The acronyms with the most buzz this year must be VR and AR: virtual reality and augmented reality, respectively. They brought mass market awareness with those TV commercials featuring awestruck consumers with HMDs (head-mounted displays/devices) for VR and Pokemon Go for AR. The ability to quickly track, process and utilize head (among other sensor-equipped body part) movements by the participant allows an interactive experience. Within a fully 360-degree immersive (virtual) environment, the participant can move about as visual and aural perspectives change in real time. And, when visuals correspond seamlessly with 3D audio, the illusion of reality can be convincing and breathtaking.
You might ask, “what is our contribution to the VR experience as audio content creators and engineers?” The ability to provide user-controllable multi-channel audio that is independent of the number of speaker channels (or playback medium) is enabled by Ambisonics. First developed in the 1970s by the UK’s National Resource Development Corporation, this surround sound reproduction method seeks to capture and recreate a fully spherical aural environment, including information on the X-axis (front/back), Y-axis (left/right) and Z-axis (up/down). This method would capture such information “isotropically”—that is, treating sound from all directions equally. This capture of “a complete set of information” can be sculpted into stereo views aimed in a particular direction, or a folded-down binaural version of the entire sound field, multi-channel surround sound (like Dolby 5.1), or into a four-channel first-order Ambisonic file that can be played back with user interaction.
Such Ambisonic audio, which some describe as a three-dimensional extension of the M/S technique, could be captured in a number of ways and, via additive and subtractive processes to the signals captured by the microphone capsules, various soundstage widths and directional dominance properties can be changed during playback.

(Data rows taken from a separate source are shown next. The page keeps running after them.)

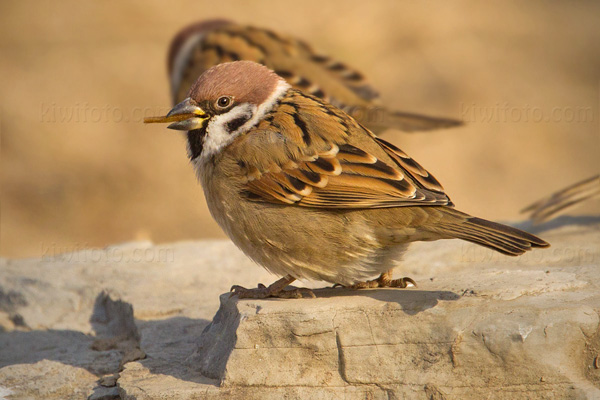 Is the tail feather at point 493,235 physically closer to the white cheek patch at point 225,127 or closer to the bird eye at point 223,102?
the white cheek patch at point 225,127

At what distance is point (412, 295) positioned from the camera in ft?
13.7

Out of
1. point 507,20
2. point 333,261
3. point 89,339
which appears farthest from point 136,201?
point 507,20

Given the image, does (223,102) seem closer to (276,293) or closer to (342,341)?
(276,293)

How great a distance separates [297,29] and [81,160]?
4237 mm

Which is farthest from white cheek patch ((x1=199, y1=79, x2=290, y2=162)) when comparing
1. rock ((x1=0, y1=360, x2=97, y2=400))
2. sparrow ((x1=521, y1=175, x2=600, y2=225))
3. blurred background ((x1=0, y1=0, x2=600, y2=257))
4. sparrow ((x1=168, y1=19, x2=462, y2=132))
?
blurred background ((x1=0, y1=0, x2=600, y2=257))

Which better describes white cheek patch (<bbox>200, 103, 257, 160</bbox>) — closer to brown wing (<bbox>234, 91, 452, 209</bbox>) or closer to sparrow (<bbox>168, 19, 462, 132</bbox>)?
brown wing (<bbox>234, 91, 452, 209</bbox>)

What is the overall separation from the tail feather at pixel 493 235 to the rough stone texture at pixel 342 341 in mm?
294

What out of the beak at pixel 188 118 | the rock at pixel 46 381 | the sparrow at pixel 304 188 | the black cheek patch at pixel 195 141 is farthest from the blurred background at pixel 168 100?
the sparrow at pixel 304 188

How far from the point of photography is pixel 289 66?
770 cm

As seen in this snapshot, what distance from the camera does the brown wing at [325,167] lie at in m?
4.29

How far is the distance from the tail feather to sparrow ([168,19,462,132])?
3.06 m

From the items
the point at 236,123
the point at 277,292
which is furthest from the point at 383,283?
the point at 236,123

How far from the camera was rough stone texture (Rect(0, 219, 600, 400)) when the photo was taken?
379 cm

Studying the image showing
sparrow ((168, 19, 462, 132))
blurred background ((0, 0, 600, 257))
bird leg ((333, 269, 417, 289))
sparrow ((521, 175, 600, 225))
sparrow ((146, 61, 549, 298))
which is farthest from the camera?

A tetrahedral microphone array is typically utilized for such capture today; Sennheiser’s Ambeo VR microphone is an ideal example. It consists of four directional cardioid capsules arranged coincidentally and aimed outwards, each of them at 45 degrees off-axis from any of the X, Y or Z axes. These four raw A-format signals can be Ambisonically processed into a B-format 3-D sound field where the W channel equates the mono-sum signal of all directions and the three X/Y/Z signals represent the directional axes signals. All four B-format signals work together in the VR playback environment. It is monitored in ever-changing proportions, chasing the consumer’s rotating and tilting head movements and the video/animation via their HMDs such as Facebook’s Oculus Rift or Samsung’s Oculus-based Gear VR.
The intriguing part for prospective VR content creators is the widespread availability of the processing software, which is often non-proprietary, or freeware, or both. Numerous platforms and programs exist for free, or for very affordable rates, as major players like Facebook and Google are eager to provide the freeware, sell the hardware and then showcase your content, as they clearly see personal VR content to be the coming wave of monetization for the future.

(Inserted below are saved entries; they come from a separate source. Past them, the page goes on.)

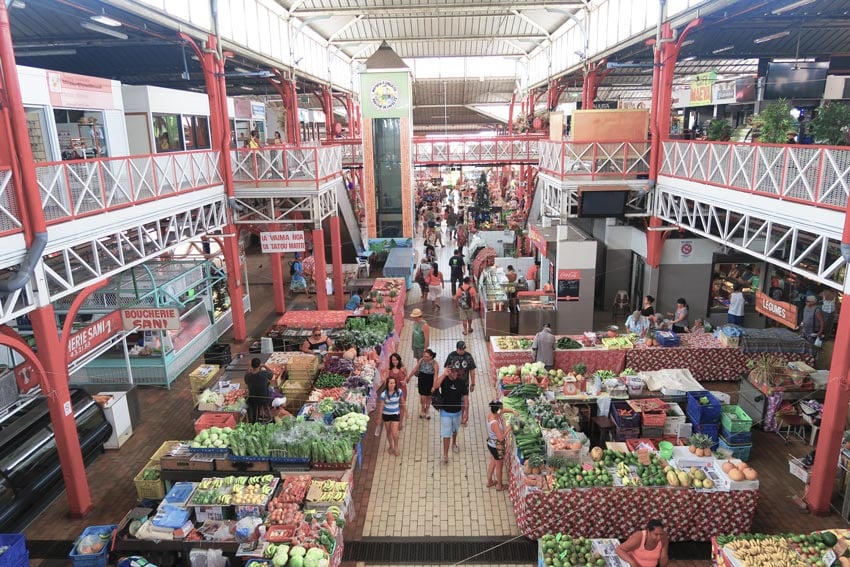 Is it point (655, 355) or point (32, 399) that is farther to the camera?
point (655, 355)

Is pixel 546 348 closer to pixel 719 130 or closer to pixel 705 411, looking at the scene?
pixel 705 411

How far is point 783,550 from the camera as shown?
245 inches

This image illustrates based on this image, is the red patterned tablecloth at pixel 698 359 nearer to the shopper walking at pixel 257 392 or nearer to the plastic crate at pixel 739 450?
the plastic crate at pixel 739 450

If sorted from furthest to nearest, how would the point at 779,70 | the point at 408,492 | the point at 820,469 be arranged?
the point at 779,70 < the point at 408,492 < the point at 820,469

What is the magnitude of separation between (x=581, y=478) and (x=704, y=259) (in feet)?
31.8

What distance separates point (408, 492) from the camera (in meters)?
8.78

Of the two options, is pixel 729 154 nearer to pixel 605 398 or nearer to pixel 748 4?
pixel 748 4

VR signal processing is doing loads of heavy lifting, as optimizing the believability of movement within an audio sound stage is no simple task. The key here is to utilize inter-aural time differences (ITDs, or the slight time differences between arrival at our ears of incoming soundwaves); inter-aural level differences (ILDs, or the different levels of similarly timed waves); the spectral color (frequency/intensity balance of sound arrivals); and account for HRTF (head-related transfer function, which accounts for differences in sound perception as filtered, reflected, diffused and diffracted by our heads) as our consumers merrily bounce their way through their virtual environments.
For associated software to function properly, rather concise sound capture is essential. One can clearly see how microphone diaphragms would have to be free of disturbance from shock, wind or excessive humidity. The capsules would have to be very closely matched for frequency response and sensitivity. And, the capsules would have to be as coincident as possible to minimize phase distortion and maintain solid directionality/imaging.

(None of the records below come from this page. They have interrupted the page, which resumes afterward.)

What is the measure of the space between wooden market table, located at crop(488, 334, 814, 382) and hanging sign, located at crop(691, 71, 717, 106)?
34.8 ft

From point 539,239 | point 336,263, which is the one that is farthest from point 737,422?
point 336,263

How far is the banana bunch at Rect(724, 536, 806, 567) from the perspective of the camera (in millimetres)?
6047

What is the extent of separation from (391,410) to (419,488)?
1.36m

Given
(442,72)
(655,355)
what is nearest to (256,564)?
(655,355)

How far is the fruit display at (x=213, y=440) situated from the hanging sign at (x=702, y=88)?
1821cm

The traditional leader in this field has been Soundfield, which provides a hardware control unit with its Ambisonic mic systems. This allows level control and monitoring aids, but warrants a high-comparative price with complete systems (including wind protection, mounts, cabling and cartage) at around $6,000. Conversely, Soundfield’s SPS200 mic system is software-based, clocking in at around $3,500, which I reviewed for Pro Audio Review back in 2014. [Read the full review via prosoundnetwork.com/july2017 —Ed.]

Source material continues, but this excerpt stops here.